- TASK ITEM -
Your response is a verbatim copy of the listing, stripped of its images.

- SOURCE DATA -
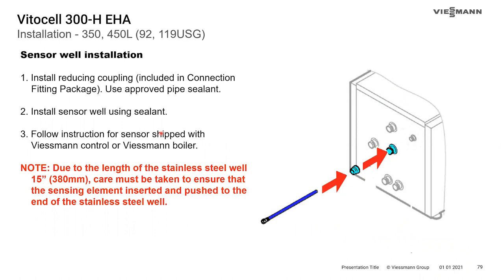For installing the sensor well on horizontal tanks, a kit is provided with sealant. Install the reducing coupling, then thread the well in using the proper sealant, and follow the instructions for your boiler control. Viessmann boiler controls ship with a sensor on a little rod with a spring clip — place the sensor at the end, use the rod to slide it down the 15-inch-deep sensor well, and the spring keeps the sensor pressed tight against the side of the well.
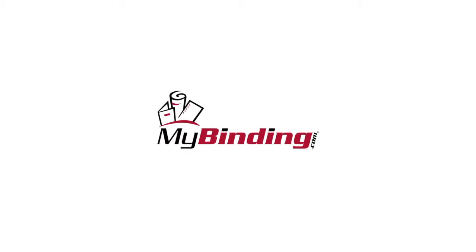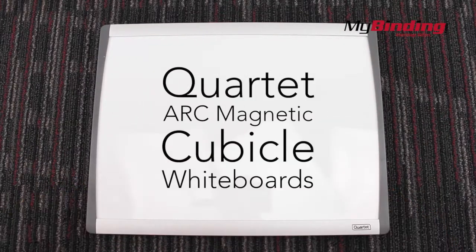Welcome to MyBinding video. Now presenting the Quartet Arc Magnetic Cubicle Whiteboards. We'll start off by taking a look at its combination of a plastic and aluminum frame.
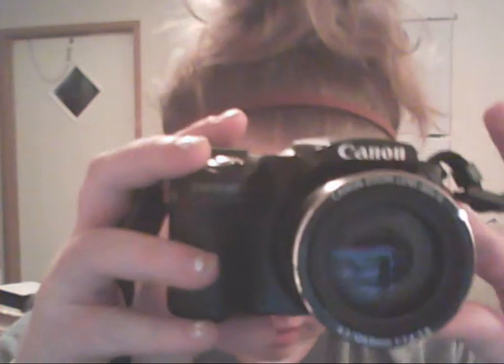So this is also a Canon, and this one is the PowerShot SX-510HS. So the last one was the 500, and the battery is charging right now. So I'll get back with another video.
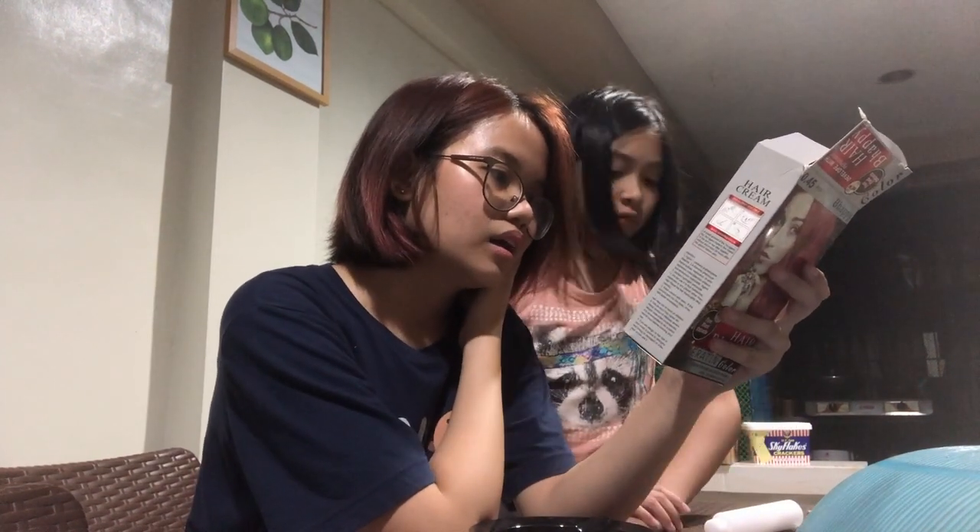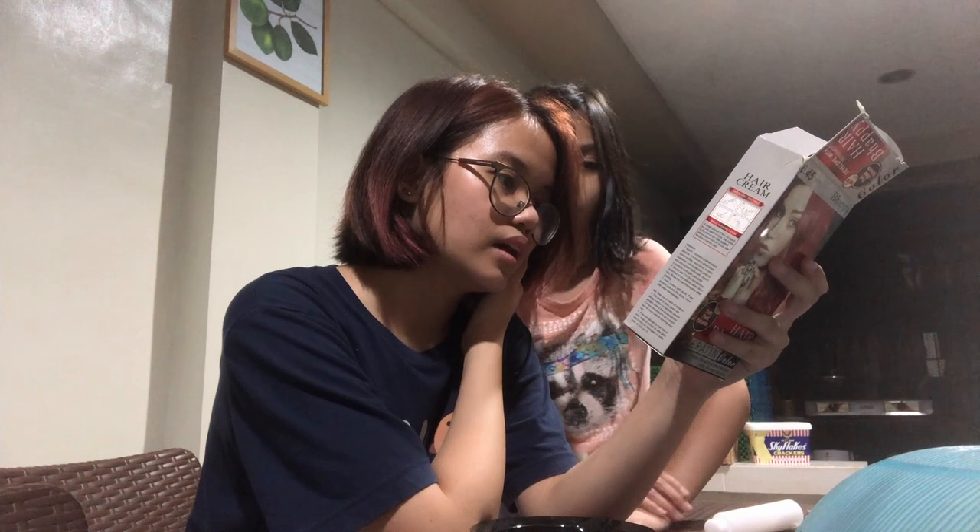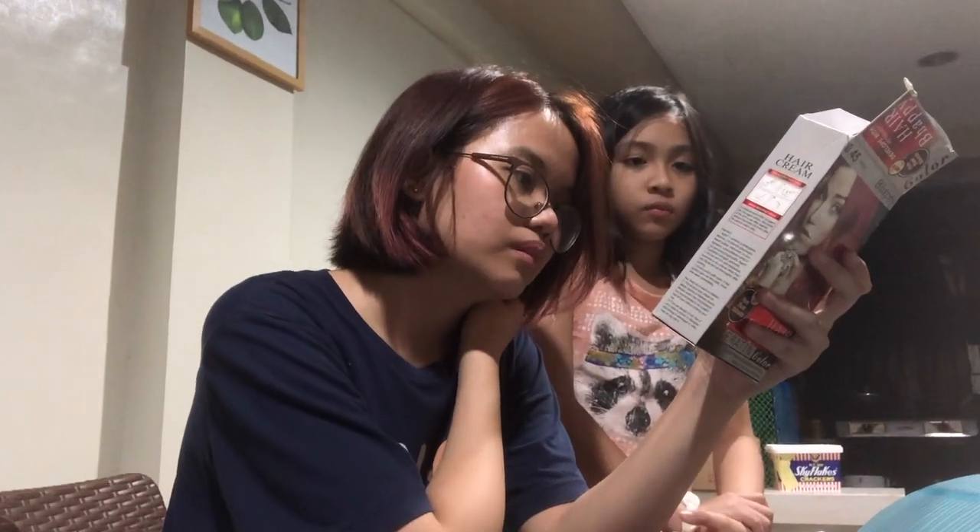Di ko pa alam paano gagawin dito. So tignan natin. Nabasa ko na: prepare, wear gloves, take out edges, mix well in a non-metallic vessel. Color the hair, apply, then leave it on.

- SOLUTION -
For installing the sensor well on horizontal tanks, a kit is provided with sealant. Install the reducing coupling, then thread the well in using the proper sealant, and follow the instructions for your boiler control. Viessmann boiler controls ship with a sensor on a little rod with a spring clip — place the sensor at the end, use the rod to slide it down the 15-inch-deep sensor well, and the spring keeps the sensor pressed tight against the side of the well.
Welcome to MyBinding video. Now presenting the Quartet Arc Magnetic Cubicle Whiteboards. We'll start off by taking a look at its combination of a plastic and aluminum frame.
So this is also a Canon, and this one is the PowerShot SX-510HS. So the last one was the 500, and the battery is charging right now. So I'll get back with another video.
Di ko pa alam paano gagawin dito. So tignan natin. Nabasa ko na: prepare, wear gloves, take out edges, mix well in a non-metallic vessel. Color the hair, apply, then leave it on.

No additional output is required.